The letter, which claimed to be from “the UK IS support group”, arrived in Keith exactly 24 hours after carnage unfolded in the heart of London.

The envelope, which was postmarked from Lancashire, also contained an unknown powder held within a tinfoil wrap.

Dozens of police officers and nine fire engines immediately swarmed on the Moray town, cordoning off Reidhaven Square and some surrounding streets in case the substance posed a threat.

Residents were also forced out of their homes during that time.

Owner of the Crown Inn, Jock McKay, discovered the item among his usual post at around 2.30pm and quickly called the police after reading the troubling note.

The letter – which was written in garbled English – makes reference to Moray MP Angus Robertson, who was also caught up in the terror attack at Westminster on Wednesday.

Within the typed message it states people should vote for Mr Robertson in order to ensure Scotland remains within the European Union so that it would “keep the door open” to the country becoming “a Muslim state”.

And a handwritten note underneath says the mystery powder within the tinfoil package contained “a treat”.

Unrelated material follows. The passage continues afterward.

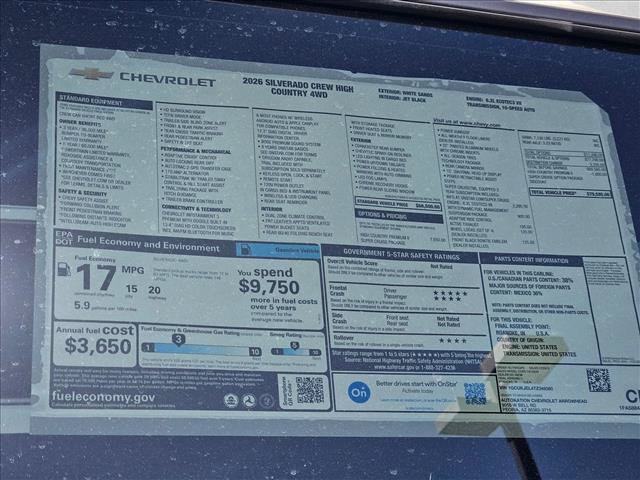 New 2026 Chevrolet Silverado 1500 High Country AWD/4WD image 18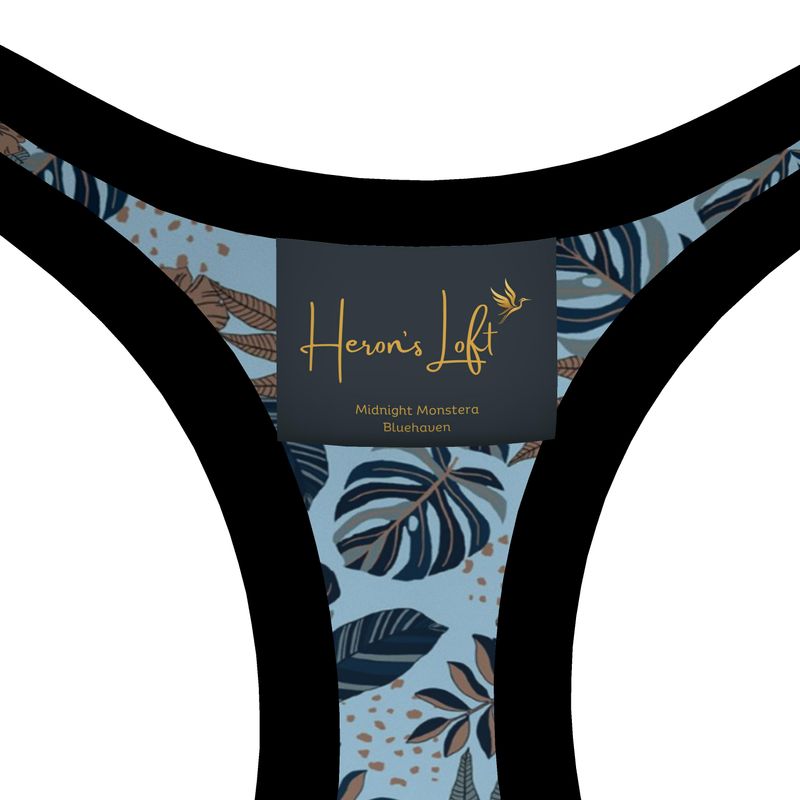 Midnight Monstera Women's Low Impact Sports Bra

After the alarm was sounded, Reidhaven Square was rapidly evacuated and the substance was taken into a decontamination tent to be tested.

Last night, Mr McKay said he was shocked when he opened the envelope and noticed the ISIS symbol at the top of the paper.

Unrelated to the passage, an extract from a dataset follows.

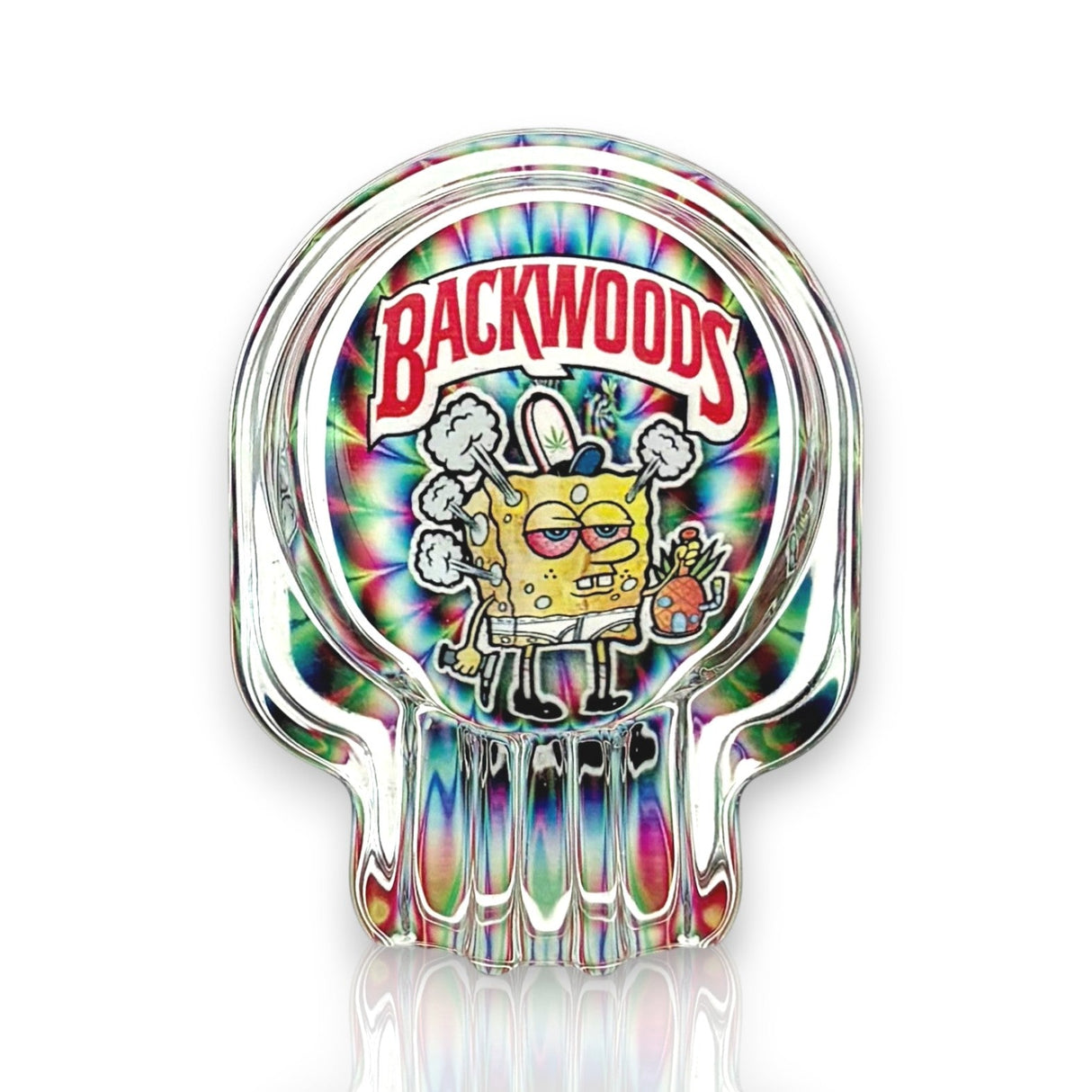 Crystal Skull Glass Ashtray – 6-Piece Display_9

He said: “It was just in the normal mail through the door, I phoned the police right away when I opened it as I was very concerned.

“The letter was only addressed to the pub, rather than to me, but I just can’t imagine why it has been sent here of all places.

“It’s very strange that it seems to have come from Lancashire, and was addressed to the Crown Inn in Keith.

“The message was confusing, but it seemed to be about trying to get people together to help ISIS.”

Inspector David Hoyle later confirmed that the substance was “not harmful” but said it was yet to be identified.

He added: “Following a multi-agency response, a substance was recovered and the fire service completed tests on it to confirm it was not harmful to the public.

“There will be an ongoing investigation into who sent the package.

“The most important thing is that everyone was safe, and I thank residents for their patience.”

Residents huddled around the makeshift police perimeter yesterday as they anxiously awaited updates on what was going on.

One youngster was returning home from school when she noticed the drama unfolding.

She said: “There was just one policeman at the pub at first, but then all of a sudden these cordons started going up and all these police cars and fire engines appeared.

“You’d never imagine something like this happening here, it’s like something from the TV.”

Her mum added: “If this is a joke, then it isn’t a very funny one.

“I hope the police catch whoever sent that package, and make them pay for wasting so much of the emergency services’ time.”

One local said he had contacted his sister in Elgin about staying there overnight should the area have remained on lockdown.

Kevin Chaudhary said: “It was really worrying seeing all the police, and only being able to wonder what had happened.”

Reidhaven Square was reopened at about 8pm and residents were able to return to their homes, though police remained on guard at the pub.

UPDATED: Police say the substance sent in the letter has been tested and found to be “not harmful”.